+++ Records for processing

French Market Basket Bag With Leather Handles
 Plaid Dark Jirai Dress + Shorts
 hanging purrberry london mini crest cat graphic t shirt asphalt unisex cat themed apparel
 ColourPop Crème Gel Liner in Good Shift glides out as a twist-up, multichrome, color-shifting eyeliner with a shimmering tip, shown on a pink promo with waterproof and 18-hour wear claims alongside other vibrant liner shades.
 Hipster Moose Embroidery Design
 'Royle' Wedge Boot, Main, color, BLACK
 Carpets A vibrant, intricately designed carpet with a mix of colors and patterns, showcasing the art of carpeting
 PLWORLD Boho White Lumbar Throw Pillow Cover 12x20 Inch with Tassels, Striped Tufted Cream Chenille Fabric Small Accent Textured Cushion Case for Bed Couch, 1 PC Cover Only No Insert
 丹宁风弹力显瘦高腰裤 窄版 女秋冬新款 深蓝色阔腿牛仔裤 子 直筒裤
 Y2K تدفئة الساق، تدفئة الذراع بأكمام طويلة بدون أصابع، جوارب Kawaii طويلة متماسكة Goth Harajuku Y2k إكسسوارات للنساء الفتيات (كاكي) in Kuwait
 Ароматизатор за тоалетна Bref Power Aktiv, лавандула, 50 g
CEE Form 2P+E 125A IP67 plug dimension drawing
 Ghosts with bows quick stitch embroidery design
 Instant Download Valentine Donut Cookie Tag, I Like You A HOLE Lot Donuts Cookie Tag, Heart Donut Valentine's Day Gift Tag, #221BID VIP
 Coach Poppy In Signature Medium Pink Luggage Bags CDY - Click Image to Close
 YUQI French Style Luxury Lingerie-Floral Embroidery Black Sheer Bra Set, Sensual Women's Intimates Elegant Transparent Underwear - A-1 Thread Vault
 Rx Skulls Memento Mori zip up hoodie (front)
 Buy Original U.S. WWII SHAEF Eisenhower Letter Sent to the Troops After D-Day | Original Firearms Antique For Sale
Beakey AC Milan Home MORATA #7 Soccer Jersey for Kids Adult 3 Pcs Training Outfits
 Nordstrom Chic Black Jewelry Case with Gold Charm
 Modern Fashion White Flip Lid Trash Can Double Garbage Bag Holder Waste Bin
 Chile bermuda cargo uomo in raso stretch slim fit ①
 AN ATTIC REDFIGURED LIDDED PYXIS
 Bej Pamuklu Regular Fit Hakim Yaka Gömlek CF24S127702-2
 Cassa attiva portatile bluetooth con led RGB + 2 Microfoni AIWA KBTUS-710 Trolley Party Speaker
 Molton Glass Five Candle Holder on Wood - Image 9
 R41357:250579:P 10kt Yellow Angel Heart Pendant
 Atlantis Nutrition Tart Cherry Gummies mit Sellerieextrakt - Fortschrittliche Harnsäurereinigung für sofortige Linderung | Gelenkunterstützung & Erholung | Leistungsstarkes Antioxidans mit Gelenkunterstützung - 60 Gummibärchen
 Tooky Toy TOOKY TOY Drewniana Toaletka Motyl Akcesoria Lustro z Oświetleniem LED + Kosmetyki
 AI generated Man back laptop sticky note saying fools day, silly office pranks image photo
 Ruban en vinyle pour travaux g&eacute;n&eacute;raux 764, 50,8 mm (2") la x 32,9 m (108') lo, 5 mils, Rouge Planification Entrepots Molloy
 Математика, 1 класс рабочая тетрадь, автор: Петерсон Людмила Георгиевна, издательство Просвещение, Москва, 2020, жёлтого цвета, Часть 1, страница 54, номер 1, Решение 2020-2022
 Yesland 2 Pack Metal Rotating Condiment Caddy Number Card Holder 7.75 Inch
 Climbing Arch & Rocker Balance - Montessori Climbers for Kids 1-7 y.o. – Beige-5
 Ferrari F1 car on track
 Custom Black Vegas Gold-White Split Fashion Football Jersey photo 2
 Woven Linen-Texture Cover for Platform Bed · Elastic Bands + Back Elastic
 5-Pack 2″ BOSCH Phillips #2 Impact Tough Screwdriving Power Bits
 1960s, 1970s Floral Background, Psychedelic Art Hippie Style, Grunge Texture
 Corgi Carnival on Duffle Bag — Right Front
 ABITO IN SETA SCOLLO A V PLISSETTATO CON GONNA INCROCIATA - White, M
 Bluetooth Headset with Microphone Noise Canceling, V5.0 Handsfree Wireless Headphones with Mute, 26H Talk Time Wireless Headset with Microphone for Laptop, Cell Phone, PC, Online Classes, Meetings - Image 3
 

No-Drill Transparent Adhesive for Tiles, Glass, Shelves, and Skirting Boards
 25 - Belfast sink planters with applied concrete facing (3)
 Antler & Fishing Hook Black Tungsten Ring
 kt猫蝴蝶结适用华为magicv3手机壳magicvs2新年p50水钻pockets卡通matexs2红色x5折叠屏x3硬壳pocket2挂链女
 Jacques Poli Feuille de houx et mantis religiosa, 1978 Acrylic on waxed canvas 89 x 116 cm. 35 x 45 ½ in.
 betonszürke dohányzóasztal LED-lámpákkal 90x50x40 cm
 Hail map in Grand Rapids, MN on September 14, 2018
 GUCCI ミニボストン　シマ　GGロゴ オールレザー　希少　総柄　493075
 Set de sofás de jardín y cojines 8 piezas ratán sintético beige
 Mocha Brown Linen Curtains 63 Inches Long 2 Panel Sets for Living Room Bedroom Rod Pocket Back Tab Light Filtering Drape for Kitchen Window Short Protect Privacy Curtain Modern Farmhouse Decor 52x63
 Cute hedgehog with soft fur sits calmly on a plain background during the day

++++++

What the task asks: When a line in the material contains the string "Floral", copy that line.

Output:
 YUQI French Style Luxury Lingerie-Floral Embroidery Black Sheer Bra Set, Sensual Women's Intimates Elegant Transparent Underwear - A-1 Thread Vault
 1960s, 1970s Floral Background, Psychedelic Art Hippie Style, Grunge Texture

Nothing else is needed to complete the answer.